*WHAT THE EXERCISE ASKS*
Each line of the data has to be written out again exactly as shown.
· · · · · · ·
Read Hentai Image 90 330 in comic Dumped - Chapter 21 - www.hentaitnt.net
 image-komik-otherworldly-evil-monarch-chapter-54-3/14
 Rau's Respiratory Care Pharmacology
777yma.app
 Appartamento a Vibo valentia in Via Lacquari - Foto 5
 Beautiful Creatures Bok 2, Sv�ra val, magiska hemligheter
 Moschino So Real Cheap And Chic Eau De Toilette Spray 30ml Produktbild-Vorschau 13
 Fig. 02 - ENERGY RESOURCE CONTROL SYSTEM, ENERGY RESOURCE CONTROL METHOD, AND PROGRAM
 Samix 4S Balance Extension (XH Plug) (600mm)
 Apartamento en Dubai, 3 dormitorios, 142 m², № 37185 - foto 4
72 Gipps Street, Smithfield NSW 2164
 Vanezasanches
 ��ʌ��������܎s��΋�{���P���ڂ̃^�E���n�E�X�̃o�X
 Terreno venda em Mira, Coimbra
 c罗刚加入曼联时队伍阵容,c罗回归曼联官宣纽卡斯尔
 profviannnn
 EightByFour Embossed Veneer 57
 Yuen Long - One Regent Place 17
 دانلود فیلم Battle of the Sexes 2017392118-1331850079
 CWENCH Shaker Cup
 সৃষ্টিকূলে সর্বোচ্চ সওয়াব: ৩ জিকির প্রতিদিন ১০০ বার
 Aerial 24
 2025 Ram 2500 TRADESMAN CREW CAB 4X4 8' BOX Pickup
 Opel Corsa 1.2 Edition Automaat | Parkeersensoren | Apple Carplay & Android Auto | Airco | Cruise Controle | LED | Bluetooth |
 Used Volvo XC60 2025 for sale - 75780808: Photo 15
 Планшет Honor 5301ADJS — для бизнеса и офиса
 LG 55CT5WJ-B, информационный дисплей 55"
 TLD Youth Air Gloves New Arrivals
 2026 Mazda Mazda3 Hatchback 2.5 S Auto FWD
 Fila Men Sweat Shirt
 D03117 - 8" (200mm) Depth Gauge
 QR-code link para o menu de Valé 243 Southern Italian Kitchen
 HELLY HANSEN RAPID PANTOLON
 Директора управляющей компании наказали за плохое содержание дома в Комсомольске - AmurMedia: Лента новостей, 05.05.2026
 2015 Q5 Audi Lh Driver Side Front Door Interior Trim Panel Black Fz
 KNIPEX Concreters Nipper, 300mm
· · · · · · ·
*FINAL ANSWER*
Read Hentai Image 90 330 in comic Dumped - Chapter 21 - www.hentaitnt.net
 image-komik-otherworldly-evil-monarch-chapter-54-3/14
 Rau's Respiratory Care Pharmacology
777yma.app
 Appartamento a Vibo valentia in Via Lacquari - Foto 5
 Beautiful Creatures Bok 2, Sv�ra val, magiska hemligheter
 Moschino So Real Cheap And Chic Eau De Toilette Spray 30ml Produktbild-Vorschau 13
 Fig. 02 - ENERGY RESOURCE CONTROL SYSTEM, ENERGY RESOURCE CONTROL METHOD, AND PROGRAM
 Samix 4S Balance Extension (XH Plug) (600mm)
 Apartamento en Dubai, 3 dormitorios, 142 m², № 37185 - foto 4
72 Gipps Street, Smithfield NSW 2164
 Vanezasanches
 ��ʌ��������܎s��΋�{���P���ڂ̃^�E���n�E�X�̃o�X
 Terreno venda em Mira, Coimbra
 c罗刚加入曼联时队伍阵容,c罗回归曼联官宣纽卡斯尔
 profviannnn
 EightByFour Embossed Veneer 57
 Yuen Long - One Regent Place 17
 دانلود فیلم Battle of the Sexes 2017392118-1331850079
 CWENCH Shaker Cup
 সৃষ্টিকূলে সর্বোচ্চ সওয়াব: ৩ জিকির প্রতিদিন ১০০ বার
 Aerial 24
 2025 Ram 2500 TRADESMAN CREW CAB 4X4 8' BOX Pickup
 Opel Corsa 1.2 Edition Automaat | Parkeersensoren | Apple Carplay & Android Auto | Airco | Cruise Controle | LED | Bluetooth |
 Used Volvo XC60 2025 for sale - 75780808: Photo 15
 Планшет Honor 5301ADJS — для бизнеса и офиса
 LG 55CT5WJ-B, информационный дисплей 55"
 TLD Youth Air Gloves New Arrivals
 2026 Mazda Mazda3 Hatchback 2.5 S Auto FWD
 Fila Men Sweat Shirt
 D03117 - 8" (200mm) Depth Gauge
 QR-code link para o menu de Valé 243 Southern Italian Kitchen
 HELLY HANSEN RAPID PANTOLON
 Директора управляющей компании наказали за плохое содержание дома в Комсомольске - AmurMedia: Лента новостей, 05.05.2026
 2015 Q5 Audi Lh Driver Side Front Door Interior Trim Panel Black Fz
 KNIPEX Concreters Nipper, 300mm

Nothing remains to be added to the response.